Andrés Reynaldo – Yo me fui
Digámosle de una manera operativa el Síndrome de Yo Me Quedo. (Invito al culto lector a encontrar una prestigiosa denominación clásica.) Se observa, en mayor o menor medida, en funcionarios, intelectuales, bailarines y hasta reguetoneros y clérigos cubanos que descalifican toda crítica exterior amparados en un principio de localidad: ellos se quedaron y nosotros nos fuimos.
El más reciente caso es el viceministro de Cultura, Fernando Rojas. A Rojas le han caído arriba en las redes después de que se conocieran unas fotos de su hija en viaje por EEUU. ¿Alcanza para tanto el sueldo de viceministro? ¿Se costeó el viaje con dinero ganado en el spa de su esposa? Son preguntas válidas para unos dirigentes que, lejos de rendir cuentas al ciudadano, le han impuesto 60 años de miseria.
En su primera línea de defensa, Rojas acusó de estalinista a uno de los críticos. Sin duda, algo inédito en el arsenal de insultos del oficialismo. Como ya se ha comentado, esta gente terminará lanzando sobre sus detractores el nefasto calificativo de castrista. De hecho, no sabemos el impacto que semejante acusación pueda acarrearle a Rojas, considerada la admiración por Stalin en la cúpula de la dictadura.

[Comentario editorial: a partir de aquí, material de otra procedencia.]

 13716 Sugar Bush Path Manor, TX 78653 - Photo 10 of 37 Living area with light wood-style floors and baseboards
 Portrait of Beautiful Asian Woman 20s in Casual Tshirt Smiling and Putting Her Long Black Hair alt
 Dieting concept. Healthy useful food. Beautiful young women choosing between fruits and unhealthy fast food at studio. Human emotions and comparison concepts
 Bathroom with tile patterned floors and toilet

Todos recuerdan la canción de Pablito Milanés. Estábamos en 1980, el año del éxodo del Mariel. Más de 125.000 marielitos cruzamos el Estrecho de la Florida. Millones se quedaron con la ilusión de subirse a un bote. Fidel mostraba, otra vez, su peor rostro. Golpizas en plena calle, humillaciones, detenciones, familias divididas, homosexuales desterrados a la fuerza, el desatado poder de las turbas. Pero Pablito cantaba «Yo me quedo».

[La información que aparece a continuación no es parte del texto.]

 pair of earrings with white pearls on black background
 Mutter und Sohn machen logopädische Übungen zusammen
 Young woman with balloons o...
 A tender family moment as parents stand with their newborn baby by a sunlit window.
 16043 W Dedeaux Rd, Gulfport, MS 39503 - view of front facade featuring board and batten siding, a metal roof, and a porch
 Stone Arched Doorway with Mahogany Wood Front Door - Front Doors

Por esas fechas, Silvio Rodríguez compuso «Pequeña serenata diurna«. Otro de sus hitos: letra y música de indudable lirismo al servicio de la opresión. Imagino a Pablito y Silvio saliendo de los mitines de repudio contra el cantautor Mike Pourcel y ponerse a la tarea de lavar los platos sucios del dictador. Pablito: «Ya no quiero hablarte de esas cosas,/ más dignas, más hermosas,/ con esas yo me quedo». Silvio: «Vivo en un país libre,/ cual solamente puede ser libre/ en esta tierra, en este instante/ y soy feliz porque soy gigante».

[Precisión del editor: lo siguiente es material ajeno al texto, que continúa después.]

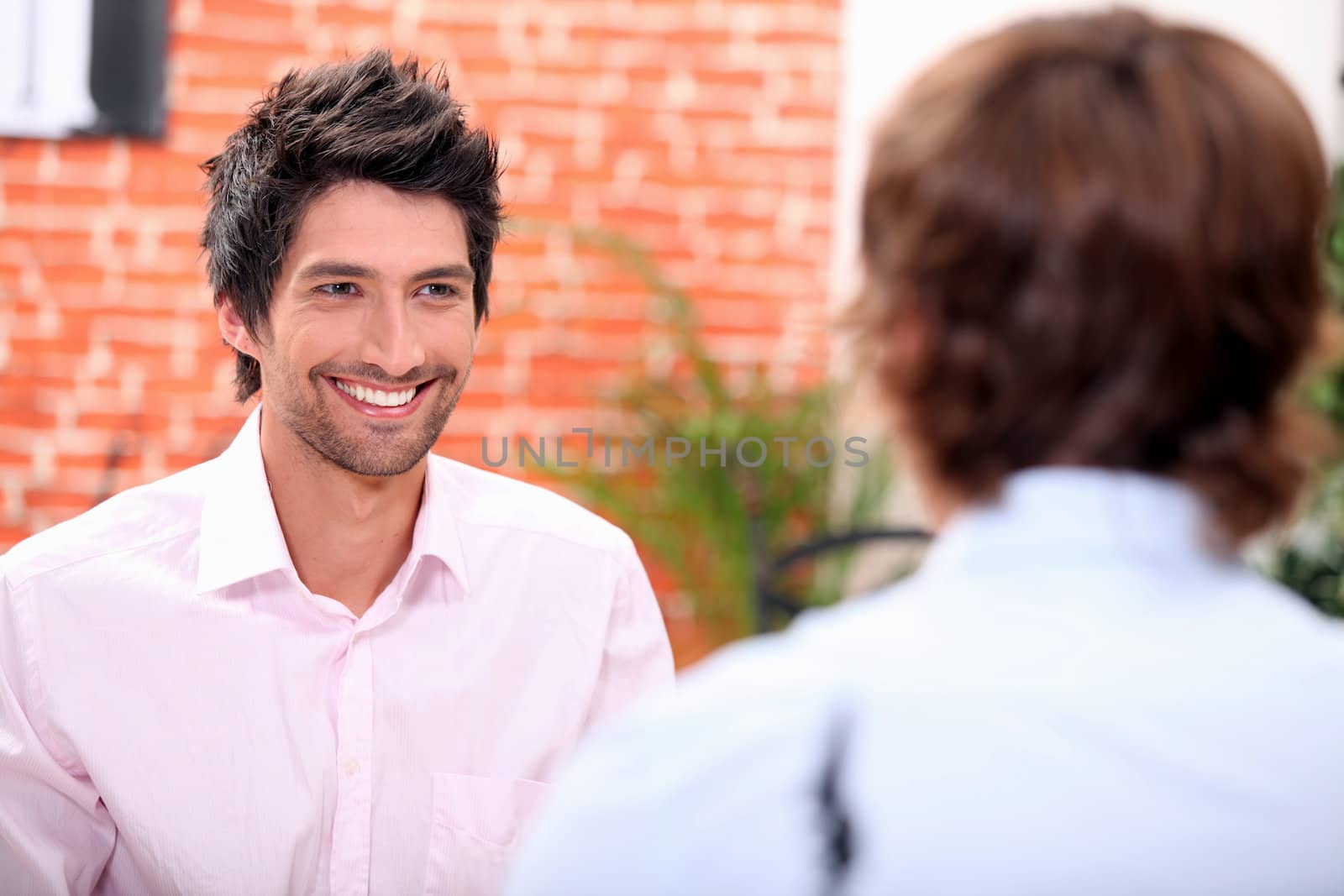 a man at restaurant with someone by phovoir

Quedarse en contra de la dictadura es heroico, si no suicida. Trágico es quedarse al margen. Pero quedarse con la dictadura exige una deliberada supresión de la conciencia. Se comprende entonces la irritación de Rojas y otros beneficiados del castrismo. Sus privilegios, su poder, son proporcionales al grado de responsabilidad en la catástrofe nacional, bien por acción, bien por omisión. Nada más irritante para una conciencia deliberadamente suprimida que exponerla ante sus consecuencias.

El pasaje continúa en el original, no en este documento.